It took me a long time to understand just how much time goes into crafting an effective piece of fiction. That’s a bit ironic, I suppose, since I already knew that a good story takes a long time to write.
I’m not necessarily talking about time spent at the keyboard, but time for the work to become fully realized, with brilliant language, deep characters, theme, and the best possible resolution. This is often time spent away from the story, letting it swirl around in your subconscious, where new possibilities can develop.
Many successful writers admit to having “worked” on their stories for months or even years before they considered them finished. For example, in emailing with Jose Araguz, whose flash fiction “Spiderman Hitches a Ride” appeared in issue 5 in 2015, I learned that he wrote the first draft in 2006, and had been revising since then. One of the first stories that knocked me out when I first started writing fiction was Leslie Pietrzyk’s “Just Another Abortion Story,” which appeared in Gettysburg Review. I was so impressed by it that I emailed her cold to tell her, and asked how long she’d been working on it. She was nice enough to reply. Two years, she said. At the time, that knocked me out too. I was used to spending a couple of weeks on a first draft, a revision or two for maybe another two weeks, and then sending the story out.
In time I learned some patience, although it’s still a battle to keep from sending work out before it’s done. But I’ve developed something of a process to keep my urge to send work too quickly in check. You too can avoid premature submission, simply by following a few simple steps. Here’s how it works, based on the process I follow:
- The first drafts. Everything you write in the first draft or two sounds fantastic. The idea is original, the characters are interesting and deep, and the setting is perfectly described. The plot flows nicely up to the climax and resolution, which occur to you like divine inspiration. You’ve outdone yourself this time. What self-respecting literary journal could possibly reject this masterwork? But you know from experience that you need to slow down, and you force yourself to put the story away for a couple of weeks.
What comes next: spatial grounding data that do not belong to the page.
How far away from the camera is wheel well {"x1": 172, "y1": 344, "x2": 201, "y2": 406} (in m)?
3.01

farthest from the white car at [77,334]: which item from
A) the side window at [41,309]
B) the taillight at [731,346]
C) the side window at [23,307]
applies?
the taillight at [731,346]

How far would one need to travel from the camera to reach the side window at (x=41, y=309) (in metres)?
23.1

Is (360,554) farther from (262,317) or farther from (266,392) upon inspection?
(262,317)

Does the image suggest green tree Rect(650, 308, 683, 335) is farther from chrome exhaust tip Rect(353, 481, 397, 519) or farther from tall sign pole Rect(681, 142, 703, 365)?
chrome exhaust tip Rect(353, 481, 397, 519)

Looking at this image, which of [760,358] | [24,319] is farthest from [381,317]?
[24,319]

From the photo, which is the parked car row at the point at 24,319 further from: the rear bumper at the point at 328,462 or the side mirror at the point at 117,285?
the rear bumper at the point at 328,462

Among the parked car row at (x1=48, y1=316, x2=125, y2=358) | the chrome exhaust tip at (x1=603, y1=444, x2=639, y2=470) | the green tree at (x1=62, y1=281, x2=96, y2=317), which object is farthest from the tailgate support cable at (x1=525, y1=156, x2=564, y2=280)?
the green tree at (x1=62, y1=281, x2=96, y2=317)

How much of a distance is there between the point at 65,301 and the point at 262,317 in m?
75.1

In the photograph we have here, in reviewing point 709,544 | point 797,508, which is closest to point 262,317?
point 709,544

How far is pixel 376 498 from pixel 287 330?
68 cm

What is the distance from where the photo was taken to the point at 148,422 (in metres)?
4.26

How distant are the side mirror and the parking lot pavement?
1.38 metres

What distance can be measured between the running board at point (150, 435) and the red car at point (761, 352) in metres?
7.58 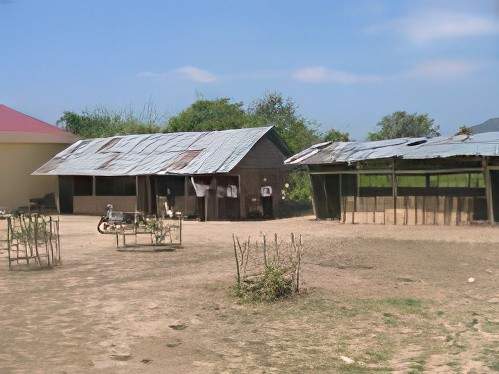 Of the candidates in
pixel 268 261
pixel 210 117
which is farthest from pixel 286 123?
pixel 268 261

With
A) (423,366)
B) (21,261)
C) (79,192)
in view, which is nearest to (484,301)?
(423,366)

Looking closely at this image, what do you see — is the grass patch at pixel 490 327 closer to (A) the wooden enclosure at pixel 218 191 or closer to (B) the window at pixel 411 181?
(B) the window at pixel 411 181

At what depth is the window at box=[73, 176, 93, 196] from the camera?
2950cm

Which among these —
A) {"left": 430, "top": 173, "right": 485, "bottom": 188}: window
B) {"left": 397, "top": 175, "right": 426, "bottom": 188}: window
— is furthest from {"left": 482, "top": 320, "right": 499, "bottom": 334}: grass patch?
{"left": 397, "top": 175, "right": 426, "bottom": 188}: window

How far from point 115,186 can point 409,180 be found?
538 inches

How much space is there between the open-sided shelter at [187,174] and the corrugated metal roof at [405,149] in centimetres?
227

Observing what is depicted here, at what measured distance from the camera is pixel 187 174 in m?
23.5

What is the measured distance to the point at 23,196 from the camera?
30844 millimetres

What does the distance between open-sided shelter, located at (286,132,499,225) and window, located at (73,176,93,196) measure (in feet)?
37.0

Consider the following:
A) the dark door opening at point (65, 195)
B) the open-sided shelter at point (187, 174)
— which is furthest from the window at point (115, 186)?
the dark door opening at point (65, 195)

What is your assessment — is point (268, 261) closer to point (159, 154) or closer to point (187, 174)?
point (187, 174)

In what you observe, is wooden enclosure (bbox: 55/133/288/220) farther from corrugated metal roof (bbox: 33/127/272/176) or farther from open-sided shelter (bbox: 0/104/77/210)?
open-sided shelter (bbox: 0/104/77/210)

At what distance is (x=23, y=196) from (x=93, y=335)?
85.1 ft

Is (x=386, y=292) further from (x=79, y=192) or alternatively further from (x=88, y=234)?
(x=79, y=192) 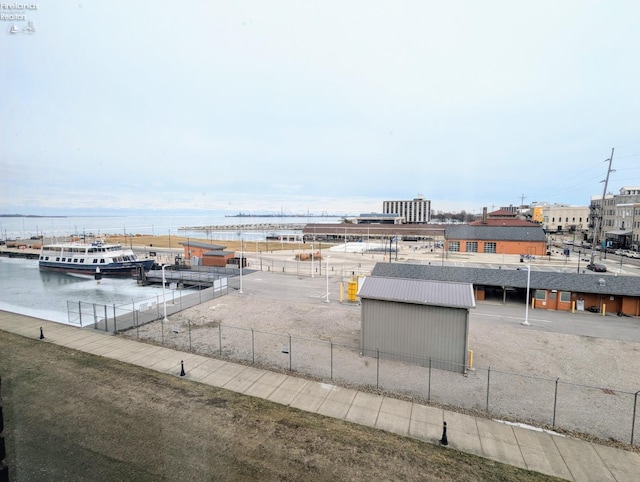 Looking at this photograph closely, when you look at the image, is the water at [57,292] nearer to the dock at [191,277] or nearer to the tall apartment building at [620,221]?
the dock at [191,277]

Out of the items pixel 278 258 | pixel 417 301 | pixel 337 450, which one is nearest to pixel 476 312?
pixel 417 301

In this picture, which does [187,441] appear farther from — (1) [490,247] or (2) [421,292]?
(1) [490,247]

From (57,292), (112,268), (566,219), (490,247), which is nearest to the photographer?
(57,292)

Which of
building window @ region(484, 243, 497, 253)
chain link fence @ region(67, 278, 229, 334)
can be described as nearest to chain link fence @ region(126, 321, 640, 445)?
chain link fence @ region(67, 278, 229, 334)

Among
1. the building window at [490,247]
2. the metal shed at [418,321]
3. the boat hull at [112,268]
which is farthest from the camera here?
the building window at [490,247]

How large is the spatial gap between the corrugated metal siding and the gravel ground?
636mm

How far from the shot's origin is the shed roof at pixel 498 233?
6575 cm

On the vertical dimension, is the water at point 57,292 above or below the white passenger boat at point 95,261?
below

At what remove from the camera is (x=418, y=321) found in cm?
1698

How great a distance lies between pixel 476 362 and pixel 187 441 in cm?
1408

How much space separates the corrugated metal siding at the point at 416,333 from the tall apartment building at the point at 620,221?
68.9m

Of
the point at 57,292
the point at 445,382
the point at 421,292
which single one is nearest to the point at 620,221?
the point at 421,292

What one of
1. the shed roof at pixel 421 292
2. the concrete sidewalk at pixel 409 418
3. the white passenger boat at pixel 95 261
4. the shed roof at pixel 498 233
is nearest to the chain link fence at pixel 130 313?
the concrete sidewalk at pixel 409 418

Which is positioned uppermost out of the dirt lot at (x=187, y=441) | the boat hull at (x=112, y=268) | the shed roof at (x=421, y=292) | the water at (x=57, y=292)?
the shed roof at (x=421, y=292) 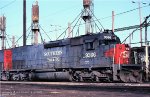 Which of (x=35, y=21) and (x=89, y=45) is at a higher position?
(x=35, y=21)

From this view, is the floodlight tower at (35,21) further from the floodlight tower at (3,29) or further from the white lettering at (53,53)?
the white lettering at (53,53)

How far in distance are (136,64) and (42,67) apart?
30.5 feet

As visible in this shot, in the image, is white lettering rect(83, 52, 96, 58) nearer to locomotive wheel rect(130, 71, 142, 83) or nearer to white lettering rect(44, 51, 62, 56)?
white lettering rect(44, 51, 62, 56)

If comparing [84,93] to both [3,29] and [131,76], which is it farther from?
[3,29]

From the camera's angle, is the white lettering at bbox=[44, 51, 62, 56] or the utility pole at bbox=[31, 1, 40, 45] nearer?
the white lettering at bbox=[44, 51, 62, 56]

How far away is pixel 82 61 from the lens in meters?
23.9

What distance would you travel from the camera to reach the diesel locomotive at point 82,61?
21.5 meters

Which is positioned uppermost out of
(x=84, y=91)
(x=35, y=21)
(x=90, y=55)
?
(x=35, y=21)

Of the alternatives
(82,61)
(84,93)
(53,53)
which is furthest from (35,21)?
(84,93)

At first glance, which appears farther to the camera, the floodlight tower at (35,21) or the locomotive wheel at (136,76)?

- When you come back to it, you are so sure it’s a winner that you open it eagerly. Just a few more tweaks to ensure everything is clear and there are no typos, and you can start sending it out… But as soon as you start to read, you begin to wonder about your sanity. This? This is your best work? The language is flat, the characters shallow, and the imagery is completely off. You start to go through and revise, but you can barely bring yourself to work on such a mess. It’s just too depressing. You call yourself a writer?
- Put the story away for a couple of months this time; maybe six or more if you have a good memory. The object is to forget what you’ve written (as much as possible) and be able to look at it with a fresh and relatively unbiased perspective.
- Now, when you open the file, you can view the story much as a reader or editor would. This time the story engages you right from the start. The language is powerful; the scenes are working. It wasn’t as bad as you remembered. But because you have some perspective now, you can see where it’s not communicating. You see the theme underlying the narrative, but you understand that readers may not. You see the holes in the logic, the gaps between what you intended and what the story actually says. And that is where the real work of writing begins. You understand now that you can’t rush the story to completion, and you’re willing to do the work necessary. As Gordon Lish once said, “Don’t do the best you can do, do the best that can be done.” This point, by the way, is when you should be workshopping the piece, not after step 1.
But how to keep your hands off that story while you wait for it to ferment? The key, to me, is to simply have a lot of stories in work; then you won’t be so tempted to rush any particular one. Keep a list of story ideas and add to it whenever possible. For each one, write a page or so of notes or prose to kickstart it. After you’ve finished a draft of one story, choose another from your list and see where you can take it. This will help keep your mind off the previous one. Have enough of them and you can delay the next draft of each story long enough so that you’re looking at it fresh when you finally get back to it.
Before you know it, your problems with premature submission will be cured—and it won’t take a little blue pill to do it.